▶ _Data extracts_:

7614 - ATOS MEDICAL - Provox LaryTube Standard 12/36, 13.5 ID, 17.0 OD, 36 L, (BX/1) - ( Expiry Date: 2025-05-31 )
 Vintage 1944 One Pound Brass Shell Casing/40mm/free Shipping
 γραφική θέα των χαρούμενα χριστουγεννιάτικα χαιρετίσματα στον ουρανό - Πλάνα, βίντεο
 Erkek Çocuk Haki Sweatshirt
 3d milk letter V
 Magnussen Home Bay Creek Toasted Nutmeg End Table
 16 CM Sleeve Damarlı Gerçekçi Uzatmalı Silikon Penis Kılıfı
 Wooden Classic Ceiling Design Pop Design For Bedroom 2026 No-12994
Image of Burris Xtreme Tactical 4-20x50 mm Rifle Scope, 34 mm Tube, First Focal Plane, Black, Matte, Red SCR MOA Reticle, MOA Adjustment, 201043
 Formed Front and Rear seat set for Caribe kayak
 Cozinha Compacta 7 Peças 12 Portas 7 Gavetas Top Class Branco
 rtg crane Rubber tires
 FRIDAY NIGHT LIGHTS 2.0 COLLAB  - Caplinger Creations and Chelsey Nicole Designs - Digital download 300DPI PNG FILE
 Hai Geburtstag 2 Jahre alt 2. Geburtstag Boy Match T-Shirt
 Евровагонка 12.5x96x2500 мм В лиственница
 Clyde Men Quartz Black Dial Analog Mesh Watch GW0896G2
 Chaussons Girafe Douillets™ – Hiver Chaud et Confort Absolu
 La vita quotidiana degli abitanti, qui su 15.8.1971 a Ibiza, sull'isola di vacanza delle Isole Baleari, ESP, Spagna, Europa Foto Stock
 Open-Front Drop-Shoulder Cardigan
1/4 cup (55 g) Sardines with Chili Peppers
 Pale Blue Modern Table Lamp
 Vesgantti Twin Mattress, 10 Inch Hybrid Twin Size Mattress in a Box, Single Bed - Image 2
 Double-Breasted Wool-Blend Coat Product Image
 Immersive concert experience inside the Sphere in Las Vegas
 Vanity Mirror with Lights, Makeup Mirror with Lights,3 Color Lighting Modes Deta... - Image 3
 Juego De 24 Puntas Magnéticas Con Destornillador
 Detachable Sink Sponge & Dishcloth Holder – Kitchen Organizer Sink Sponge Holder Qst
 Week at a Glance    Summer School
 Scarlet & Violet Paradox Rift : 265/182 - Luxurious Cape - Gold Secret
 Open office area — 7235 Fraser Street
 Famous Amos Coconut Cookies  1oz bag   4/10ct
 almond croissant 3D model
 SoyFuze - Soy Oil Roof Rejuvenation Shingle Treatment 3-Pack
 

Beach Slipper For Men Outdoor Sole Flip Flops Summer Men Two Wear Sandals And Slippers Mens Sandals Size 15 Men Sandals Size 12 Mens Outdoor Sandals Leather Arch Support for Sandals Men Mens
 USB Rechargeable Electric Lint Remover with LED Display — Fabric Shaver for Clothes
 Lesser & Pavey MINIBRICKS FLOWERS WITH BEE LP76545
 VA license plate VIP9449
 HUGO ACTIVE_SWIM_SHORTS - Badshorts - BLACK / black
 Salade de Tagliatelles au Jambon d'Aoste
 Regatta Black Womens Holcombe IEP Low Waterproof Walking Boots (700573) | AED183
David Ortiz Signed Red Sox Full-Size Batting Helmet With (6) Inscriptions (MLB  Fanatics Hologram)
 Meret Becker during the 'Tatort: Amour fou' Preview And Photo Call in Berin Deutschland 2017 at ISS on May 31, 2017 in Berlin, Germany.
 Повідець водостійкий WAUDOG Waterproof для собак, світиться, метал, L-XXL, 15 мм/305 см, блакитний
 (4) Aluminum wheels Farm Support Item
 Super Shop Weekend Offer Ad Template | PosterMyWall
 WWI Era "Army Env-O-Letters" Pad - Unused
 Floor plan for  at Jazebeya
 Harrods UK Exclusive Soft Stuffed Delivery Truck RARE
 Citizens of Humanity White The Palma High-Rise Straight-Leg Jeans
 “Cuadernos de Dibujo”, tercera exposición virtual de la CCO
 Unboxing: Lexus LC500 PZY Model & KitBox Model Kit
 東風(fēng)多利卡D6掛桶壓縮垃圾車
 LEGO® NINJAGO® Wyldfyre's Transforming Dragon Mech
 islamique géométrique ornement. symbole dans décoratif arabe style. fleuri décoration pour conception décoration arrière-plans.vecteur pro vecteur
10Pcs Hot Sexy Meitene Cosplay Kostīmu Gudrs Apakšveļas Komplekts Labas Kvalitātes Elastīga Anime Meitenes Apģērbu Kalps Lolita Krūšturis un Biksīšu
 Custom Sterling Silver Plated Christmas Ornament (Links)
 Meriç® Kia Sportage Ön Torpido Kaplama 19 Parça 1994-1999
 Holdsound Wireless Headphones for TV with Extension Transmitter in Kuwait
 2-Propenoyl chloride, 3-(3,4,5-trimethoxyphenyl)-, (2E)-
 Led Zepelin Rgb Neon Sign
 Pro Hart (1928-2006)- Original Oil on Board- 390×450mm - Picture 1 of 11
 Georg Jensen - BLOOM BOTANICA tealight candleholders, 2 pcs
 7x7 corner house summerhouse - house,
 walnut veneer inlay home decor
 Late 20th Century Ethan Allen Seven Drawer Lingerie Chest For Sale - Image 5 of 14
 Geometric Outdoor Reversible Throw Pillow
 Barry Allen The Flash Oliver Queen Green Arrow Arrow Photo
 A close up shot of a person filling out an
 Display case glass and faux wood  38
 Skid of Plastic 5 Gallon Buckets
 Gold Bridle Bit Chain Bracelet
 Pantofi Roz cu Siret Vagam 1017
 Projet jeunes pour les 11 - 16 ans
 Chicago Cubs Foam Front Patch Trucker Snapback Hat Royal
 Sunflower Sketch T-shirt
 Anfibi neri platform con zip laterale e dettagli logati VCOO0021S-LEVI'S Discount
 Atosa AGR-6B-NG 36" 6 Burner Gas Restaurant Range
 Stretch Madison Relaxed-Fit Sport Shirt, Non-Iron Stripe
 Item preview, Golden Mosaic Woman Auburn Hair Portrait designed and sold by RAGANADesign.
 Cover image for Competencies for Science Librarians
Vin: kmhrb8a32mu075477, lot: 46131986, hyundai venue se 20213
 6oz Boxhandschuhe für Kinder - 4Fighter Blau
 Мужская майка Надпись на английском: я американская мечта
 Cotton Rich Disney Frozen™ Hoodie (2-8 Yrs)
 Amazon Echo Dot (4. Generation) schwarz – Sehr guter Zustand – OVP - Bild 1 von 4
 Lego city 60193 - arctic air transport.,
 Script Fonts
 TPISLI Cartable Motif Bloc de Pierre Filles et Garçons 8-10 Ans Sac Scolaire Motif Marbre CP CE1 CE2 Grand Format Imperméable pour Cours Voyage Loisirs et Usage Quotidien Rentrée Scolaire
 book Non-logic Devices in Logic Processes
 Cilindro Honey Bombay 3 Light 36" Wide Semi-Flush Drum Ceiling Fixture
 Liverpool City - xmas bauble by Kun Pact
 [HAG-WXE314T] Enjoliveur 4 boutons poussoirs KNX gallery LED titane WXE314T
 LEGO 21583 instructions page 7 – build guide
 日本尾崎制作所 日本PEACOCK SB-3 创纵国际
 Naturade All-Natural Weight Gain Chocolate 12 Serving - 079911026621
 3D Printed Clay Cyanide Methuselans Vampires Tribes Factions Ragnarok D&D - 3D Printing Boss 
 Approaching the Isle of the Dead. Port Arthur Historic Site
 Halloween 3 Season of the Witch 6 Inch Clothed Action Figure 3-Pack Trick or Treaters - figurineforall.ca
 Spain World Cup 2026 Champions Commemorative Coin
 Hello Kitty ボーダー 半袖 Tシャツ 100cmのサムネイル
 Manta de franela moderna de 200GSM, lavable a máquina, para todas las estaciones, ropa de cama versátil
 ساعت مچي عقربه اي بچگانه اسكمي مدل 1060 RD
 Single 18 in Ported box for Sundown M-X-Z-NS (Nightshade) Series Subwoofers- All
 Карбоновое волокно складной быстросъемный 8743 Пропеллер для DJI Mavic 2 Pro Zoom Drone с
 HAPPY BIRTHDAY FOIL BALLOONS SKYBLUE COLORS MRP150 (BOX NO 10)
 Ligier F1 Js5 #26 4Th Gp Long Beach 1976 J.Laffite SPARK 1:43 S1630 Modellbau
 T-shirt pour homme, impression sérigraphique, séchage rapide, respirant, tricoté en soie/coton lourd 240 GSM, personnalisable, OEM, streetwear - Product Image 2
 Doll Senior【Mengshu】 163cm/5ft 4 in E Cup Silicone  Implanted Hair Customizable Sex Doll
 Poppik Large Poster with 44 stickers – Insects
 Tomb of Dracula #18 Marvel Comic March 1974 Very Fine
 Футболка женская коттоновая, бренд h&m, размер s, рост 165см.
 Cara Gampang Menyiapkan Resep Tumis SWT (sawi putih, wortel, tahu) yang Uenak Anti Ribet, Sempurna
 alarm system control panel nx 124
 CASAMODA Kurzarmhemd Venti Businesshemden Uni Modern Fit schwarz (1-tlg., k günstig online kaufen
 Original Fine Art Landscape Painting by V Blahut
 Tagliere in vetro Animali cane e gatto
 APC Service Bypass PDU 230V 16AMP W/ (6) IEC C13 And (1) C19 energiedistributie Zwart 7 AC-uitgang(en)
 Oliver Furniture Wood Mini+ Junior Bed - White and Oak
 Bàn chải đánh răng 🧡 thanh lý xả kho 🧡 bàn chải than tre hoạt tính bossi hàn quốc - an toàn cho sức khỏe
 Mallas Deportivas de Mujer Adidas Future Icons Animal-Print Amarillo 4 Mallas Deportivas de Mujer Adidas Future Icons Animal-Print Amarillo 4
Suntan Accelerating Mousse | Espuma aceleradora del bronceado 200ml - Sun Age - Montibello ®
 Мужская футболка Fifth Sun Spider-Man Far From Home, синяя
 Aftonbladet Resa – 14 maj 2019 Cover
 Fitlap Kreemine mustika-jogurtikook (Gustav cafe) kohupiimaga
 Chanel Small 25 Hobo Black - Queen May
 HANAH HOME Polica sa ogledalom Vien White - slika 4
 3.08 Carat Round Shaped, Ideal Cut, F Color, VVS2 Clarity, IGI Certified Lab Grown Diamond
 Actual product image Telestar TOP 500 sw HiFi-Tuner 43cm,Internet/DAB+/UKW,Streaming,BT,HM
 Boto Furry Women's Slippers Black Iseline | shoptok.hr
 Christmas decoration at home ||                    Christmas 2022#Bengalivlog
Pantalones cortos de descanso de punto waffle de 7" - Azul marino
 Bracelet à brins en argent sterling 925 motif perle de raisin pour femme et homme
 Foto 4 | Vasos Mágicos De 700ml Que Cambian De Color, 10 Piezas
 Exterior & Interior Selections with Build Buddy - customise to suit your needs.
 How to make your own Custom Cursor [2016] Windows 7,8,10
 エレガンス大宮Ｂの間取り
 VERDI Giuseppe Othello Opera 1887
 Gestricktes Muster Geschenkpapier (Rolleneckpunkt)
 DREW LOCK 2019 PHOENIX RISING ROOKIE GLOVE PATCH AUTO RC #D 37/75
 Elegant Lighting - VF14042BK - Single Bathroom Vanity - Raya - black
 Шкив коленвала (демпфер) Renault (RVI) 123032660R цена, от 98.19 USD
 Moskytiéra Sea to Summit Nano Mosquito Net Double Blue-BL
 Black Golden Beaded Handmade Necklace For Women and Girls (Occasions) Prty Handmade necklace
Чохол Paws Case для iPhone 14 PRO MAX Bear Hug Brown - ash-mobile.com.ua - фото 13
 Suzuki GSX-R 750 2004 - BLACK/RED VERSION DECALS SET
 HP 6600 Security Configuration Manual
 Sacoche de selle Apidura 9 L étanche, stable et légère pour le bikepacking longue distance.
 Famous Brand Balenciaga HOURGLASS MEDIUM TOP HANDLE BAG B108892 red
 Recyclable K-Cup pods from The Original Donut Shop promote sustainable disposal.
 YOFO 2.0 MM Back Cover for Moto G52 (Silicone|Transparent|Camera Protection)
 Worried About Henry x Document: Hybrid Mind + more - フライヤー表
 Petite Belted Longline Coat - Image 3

▶ _Task item_: In the preceding material, find each line holding the word "Golden" and copy it out.

▶ _Exercise result_:
 Item preview, Golden Mosaic Woman Auburn Hair Portrait designed and sold by RAGANADesign.
 Black Golden Beaded Handmade Necklace For Women and Girls (Occasions) Prty Handmade necklace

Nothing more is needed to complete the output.